# flourescent static electricity



## shovelshort (Apr 8, 2007)

I replaced the light fixture over my bathroom sink with a flourescent.  The problem I am having is sometimes when I flick the switch the bulbs start to energize and then stops.  I have to run my hands over the fixture to remove the built up static electricity (or so I think), wait a few seconds and then flick the switch.  The light will then come on.  I know I grounded the fixture the right way.  What can I do to fix this problem?  It's more of a pain then anything.


----------



## shovelshort (Apr 19, 2007)

Come on, someone has to have an idea.


----------



## bethany14 (Apr 19, 2007)

You can actually fire up a fluorescent light with static electricity (careful!), so I don't think that's slowing it down.  If you flip the switch and leave it on, does it eventually come on?  If so, then I don't think you have a problem, as fluorescents are slow to start by nature.


----------



## glennjanie (Apr 19, 2007)

Hello Shovelshort:
Flourescent lights have a starter or transformer (usually called a ballast).

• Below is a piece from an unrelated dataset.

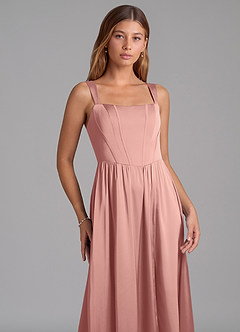 Azazie Rosaline Bridesmaid Dresses Rosette A-Line Side Slit Stretch Satin Dress image6
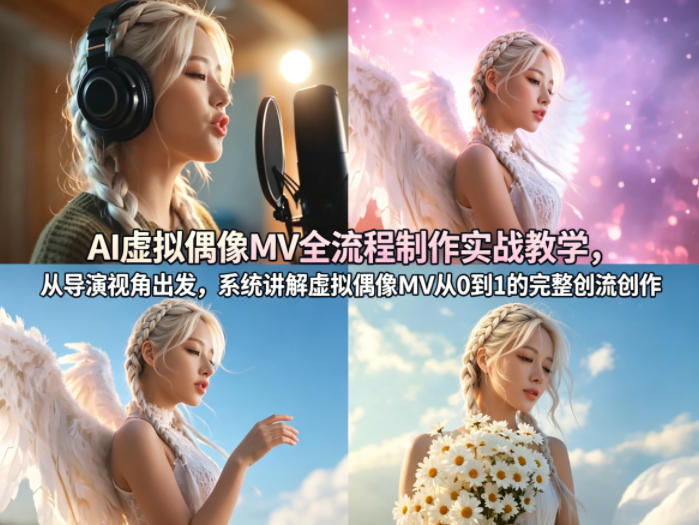 AI虚拟偶像MV全流程制作实战教学，从导演视角出发，系统讲解虚拟偶像MV从0到1的完整创作流程-智富思维学堂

On a new fixtrue the ballast should be good but stranger things have happened. If the ballast is bad it will usually have a paper label on it that appears to have been scorched.
If they are long tube bulbs (as opposed to the curlly ones), look at the end of them. Is there a lot of black area inside the tube? That would indicate a bad bulb and a need for a change. They are cantancerous to work with but they save a lot of energy. Check the ground one more time.
Glenn


----------



## shovelshort (Apr 22, 2007)

The light will not eventually come on if I leave the switch on.  Like I said, I turn the switch back off, rub my hand over the body of the fixture, wait a second, flick the switch, and the light comes on.

This did this since day one of installation.  It is actually a direct replacement because the first one did the same.

Bulbs are fine.  Ballast is fine.  I have a lot of experience with those being a firefighter and always going on "smoke in the building" runs that end up being a failed ballast.


----------



## Square Eye (Apr 23, 2007)

Electronic rapid start ballasts and t-8 tubes.
In my opinion, they're the best thing that ever happened in Flourescent fixtures.

Make sure the fixture is grounded properly, flourescents perform much better when the body of the fixture is grounded properly and the fixture body is parallel to the tubes. 

A lot of time can be wasted on flourescent fixtures. Check the mounting between the ballast body and the housing. Sand the paint off at the mount point on the ballast and on the fixture. Make sure the ground has a good connection, not wire to paint.

Good luck!


----------